Ariana Far's column in The Iranian touched me by bringing up some half-remembered thoughts of another Iranian college student back in the late '70s. Ali was one of my fraternity brothers, and easily one of the most popular ones, with his habitually sunny outlook, his good looks, his sense of humor, and his genuine enjoyment of the rest of us when in his company. His family had money, it seemed, which was a boon to our chapter which always struggled to make ends meet financially. We had a diverse house, with whites, blacks, jocks, Southerners, Jews, and even one odd Filipino, but his being Iranian at the time of the fall of the Shah seemed to be a distinction of another sort.

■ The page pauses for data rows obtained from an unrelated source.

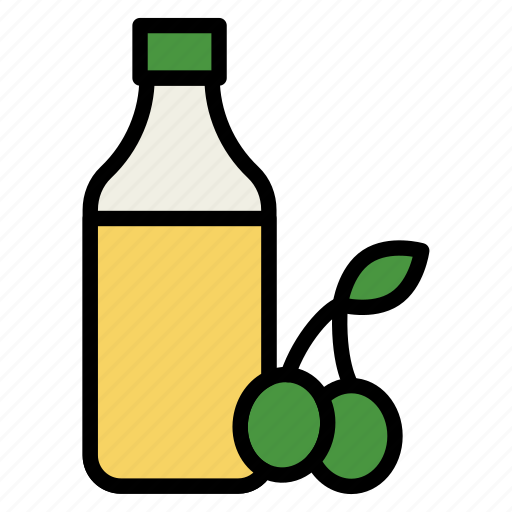 Skincare, beauty, cosmetic, olive oil, face icon - Download on Iconfinder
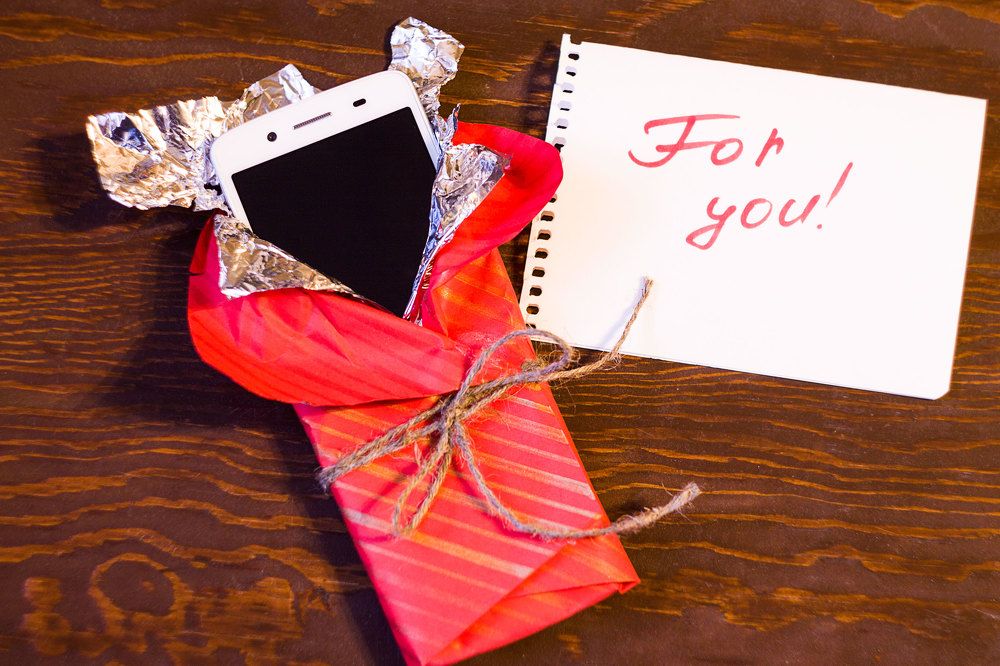 Photograph by Анна Евдокименко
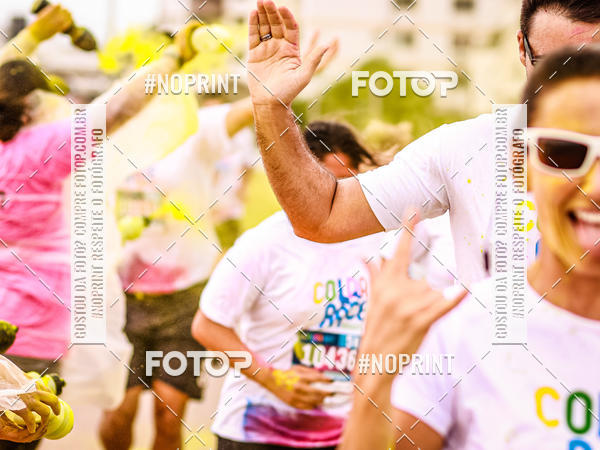 Buy your photos of the eventColor Race Brasil - Florianpolis on Fotop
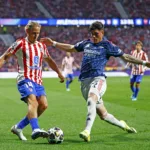 atletico-de-madrid-e-arsenal-ficam-no-empate-no-jogo-de-ida-da-semifinal-da-champions-league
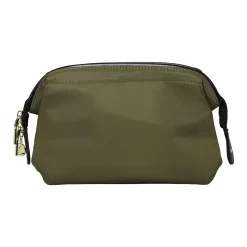 Coming Copenhagen Mia Makeuptaske,*Dame Toilettasker|Toilet- & Makeuptasker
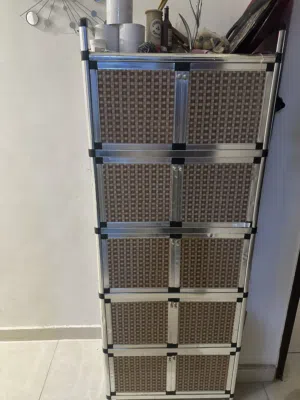 خزانه في حاله جيده
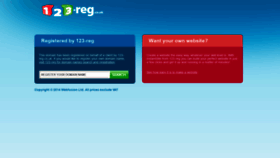 What Just-debts.co.uk website looked like in 2021 (2 years ago)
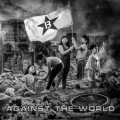 BOLIDO (Chile) / Against The World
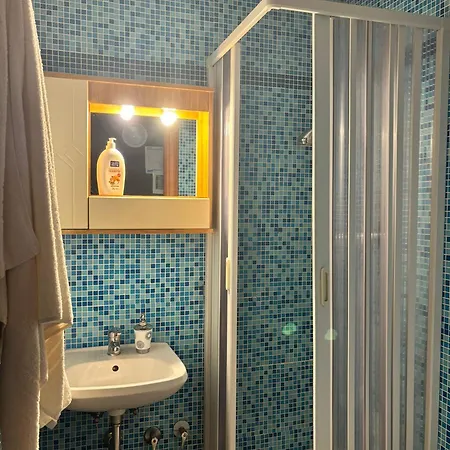 Mo' Hotel Monteiasi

I remember that someone in the house learned to weld, and so it happened that one day, in a corner next to the pool table, a six-foot high steel sculpture of a man appeared. Ali explained to us that this was the "Shah of Iron." Now that was just plain cool.
Another memory was of a time in my senior year when I was in that same room studying for an Astronomy course I didn't much care about. Ali came in all jokey and boisterous, and for some reason I cannot remember I got all ticked off at him and actually heaved my textbook in his direction, splitting its spine. He told me off then, but I don't think I apologized to him for my unusual fit of temper.
A couple of years after I graduated in 1980, word came back that Ali had gone back home to his hometown of Abadan in Iran and was put into Ayatollah Khomeini's army. He died fighting the Iraqis maybe twenty-two years of age.
Since then I have had other friends from the Middle East (even including one who was Persian and Jewish), but when I think of that place, I usually think of Ali Mohammedi. Sorry, old friend.